With the desire to amplify the efforts implemented with the support plan, The French Prime Minister presented on September 3, 2020 the plan “France Relance”, a roadmap for the economic, social and ecological recovery of the country. The allocated resources are substantial, €100 billion, of which 40% are funded by the European Union, turned towards:

  • The ecological transition;
  • An increased competitiveness of the French economy;
  • A stronger social and territorial cohesion.

To achieve these objectives, the new Program of Investments for the Future (PIA 4), consisting in the continuation of a major national program launched in 2010 to support innovation (€57 billion invested from 2010 to 2020 to enhance innovation in all sectors), will mobilize €11 billion to support the recovery plan, along 4 axis:

  • The development of innovations and green technologies (€3.4 Bn);
  • Economic resilience and sovereignty (€2.6 Bn);
  • Support higher education, research and innovation ecosystems (€2.55 Bn);
  • Support innovative companies at each stage of their development (€1.95 Bn).

The Citizen’s Convention on Climate

An unprecedented democratic exercise was carried out to give citizens a voice to accelerate the fight against climate change. 150 citizens chosen randomly worked for 9 months and made 149 measures that will allow to reach the targets in terms of reduction of greenhouse gas emissions, keeping in sight the spirit of social justice, indispensable to ensure social acceptance of change. On the basis of this proposal, a bill is currently being discussed in the Parliament and will reinforce many aspects of the climate policy, both transversal (education, information of consumers, mobilization of stakeholders…) or sectorial (energy, buildings, transportation, food and agriculture etc…). The draft law foresees that the National research strategy has to be compatible with the National Low carbon strategy.

Research and innovation priorities for clean energy

The French National Climate and Energy Plan sets out the national research and innovation priorities to 2030 [NECP]. We look forward to sharing our priorities in more detail with other members of MI and will share progress annually towards our National Climate and Energy Plan.

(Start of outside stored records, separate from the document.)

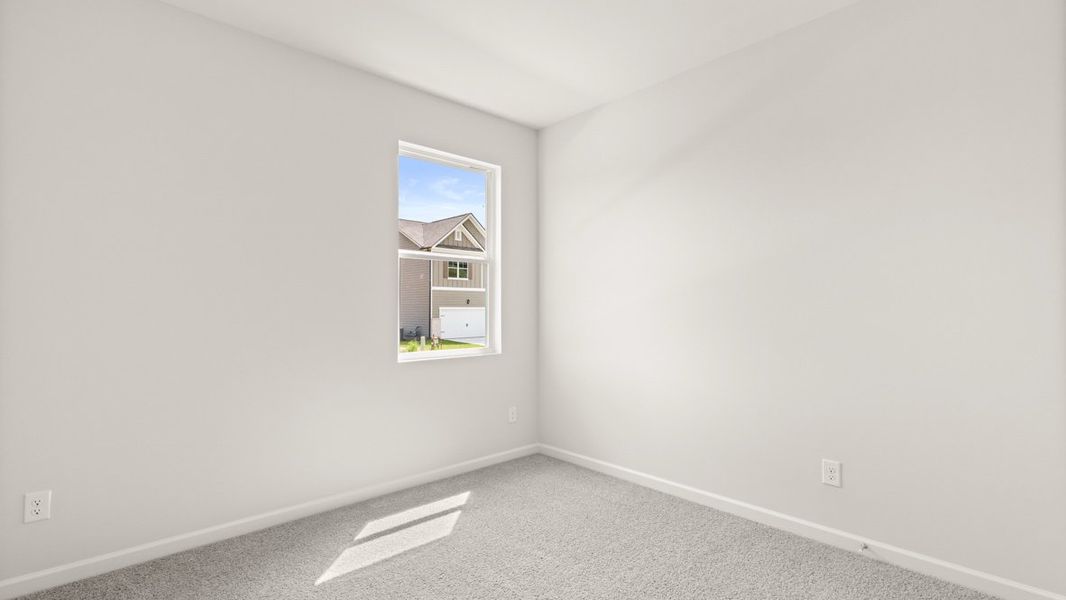 Representative unfurnished interior of a home built from the Cali by D.R. Horton in Sheffield Highlands, Dallas (Image 37).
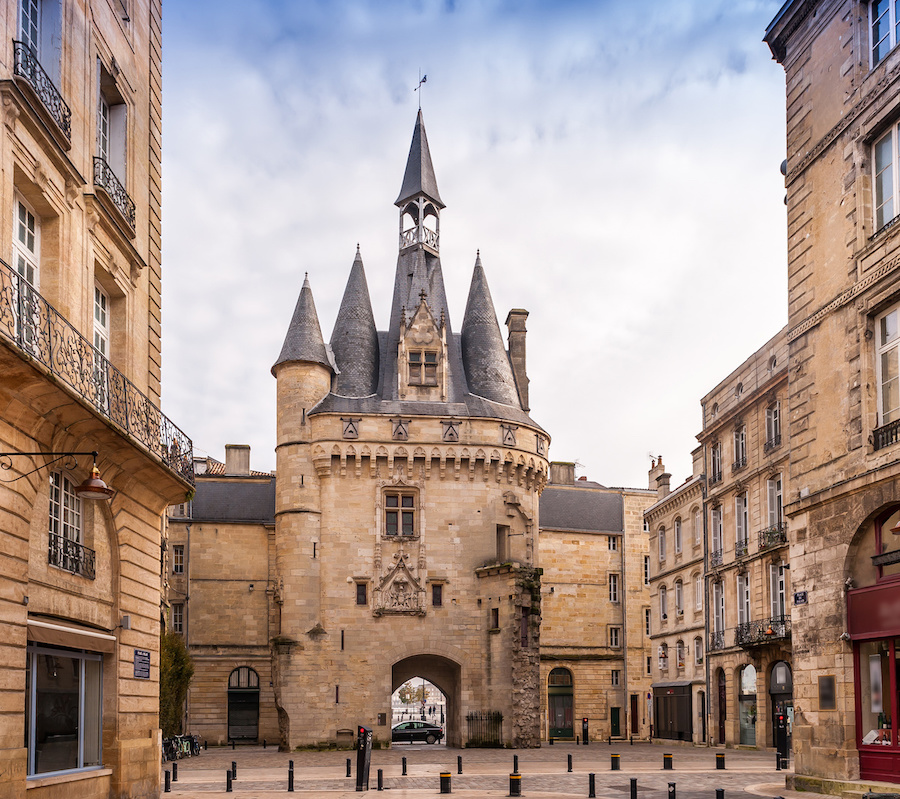 Agence SEO - Place du Palais à Bordeaux, Nouvelle-Aquitaine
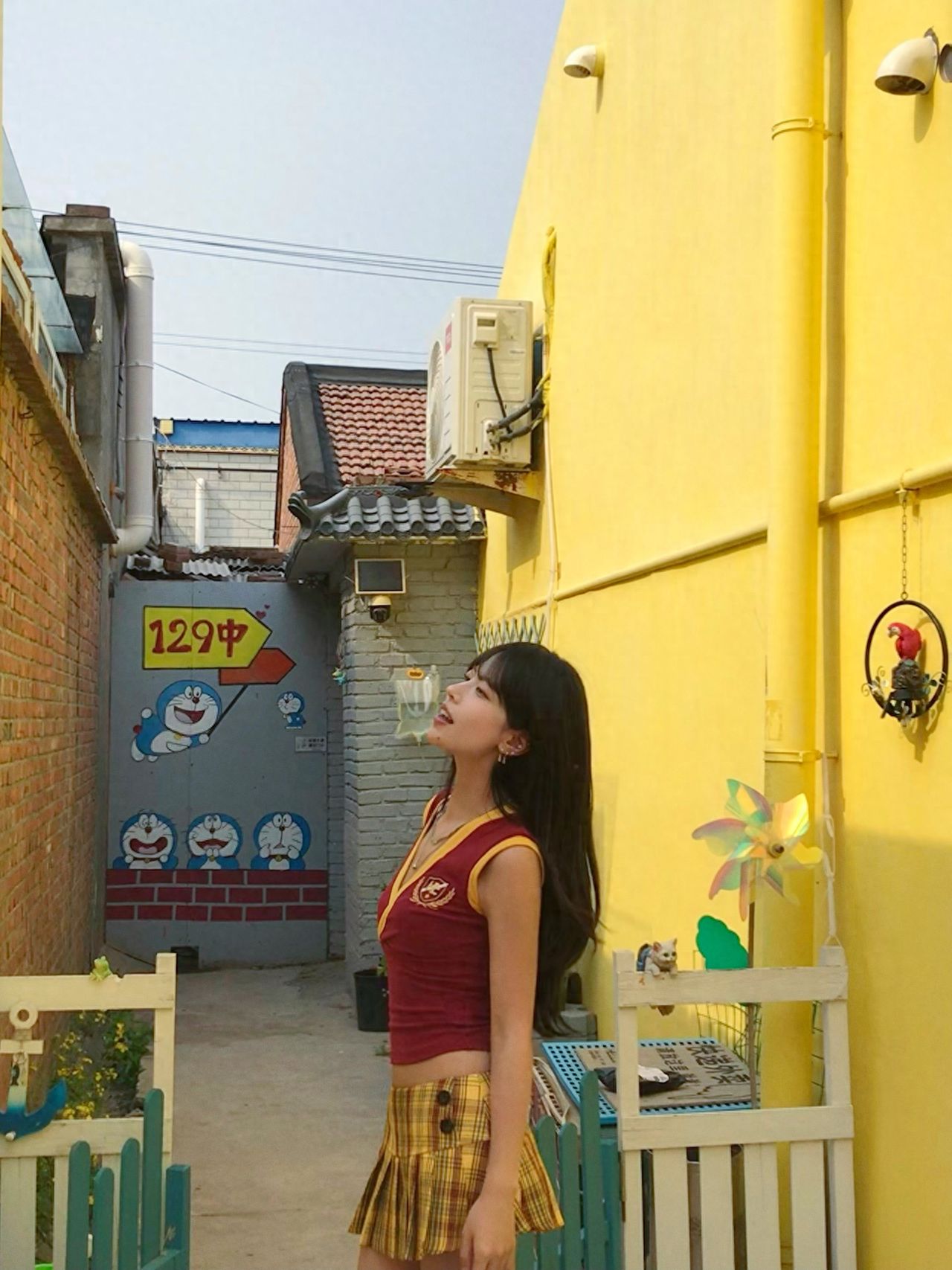 Photo by Thousand Cats Gathering - Little Alley Outside the Door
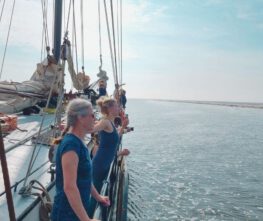 Foto Mascha Hoff en Cathy Samé Lottin Zeilreizen zon zee zen reizen yoga sup meditatie en stressreductieworkshops Terschelling Vlieland Waddenzee Wadretraite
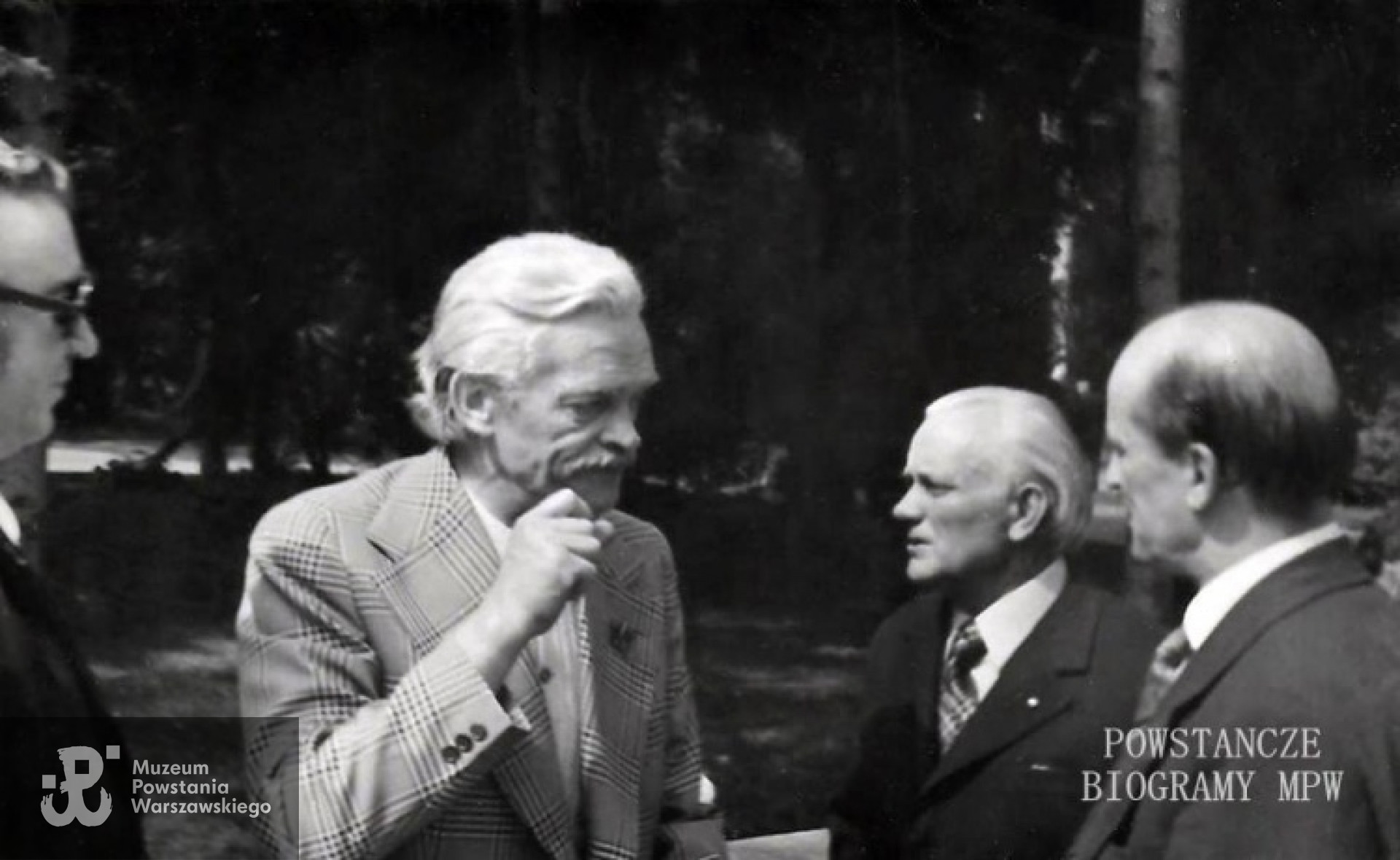 Rocznica Powstania Warszawskiego - lata 70. Cmentarz  "Powązki Wojskowe" - kwatera OWKB AK (B-28). Fot. <i>Powstanie Warszawskie - Batalion KB Nałęcz</i>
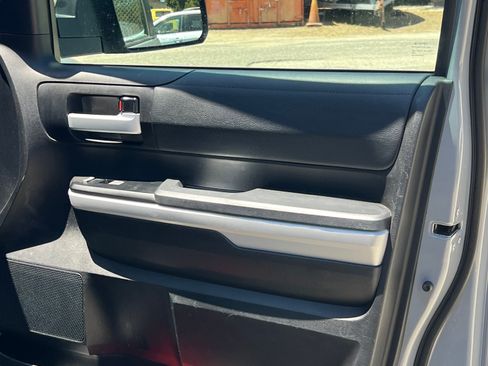 Used 2021 Toyota Tundra SR5 RWD image 8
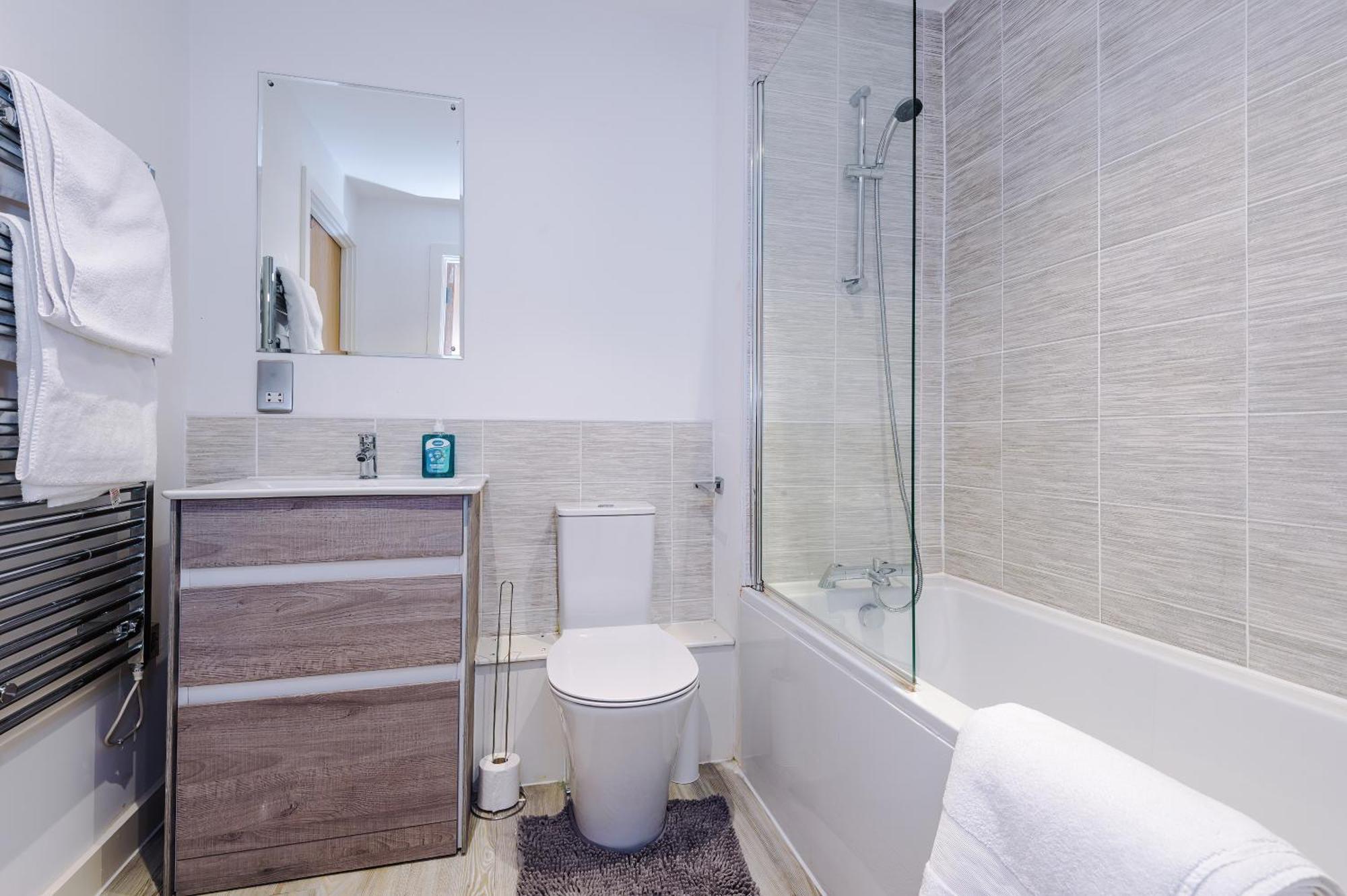 Modern 2 Bed With Balcony By Host A Manchester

France aims to be a global leader in the energy transition, and hence is currently setting strategic and priority investments which will target high potential technology innovation sectors and will be derived in terms of so-called “Acceleration strategies” defining the key stages of development according to the maturity of the innovations, from their design to their deployment. All levers will be taken into account (funding, standardisation, research, education…)

“Zero-carbon Hydrogen” is the first validated strategy in the energy field. €7 billion will be invested, including €2 billion by 2022, in order to provide additional responses to the intermittence of renewable energies and to make France a major player worldwide in the field of carbon-free hydrogen. Several other strategies related to the energy field are currently in progress: decarbonisation of industry, bio-sourced products and bio-fuels, circular economy, advanced technologies for energy systems, batteries, decarbonized mobility. Solutions for a sustainable city and innovative buildings.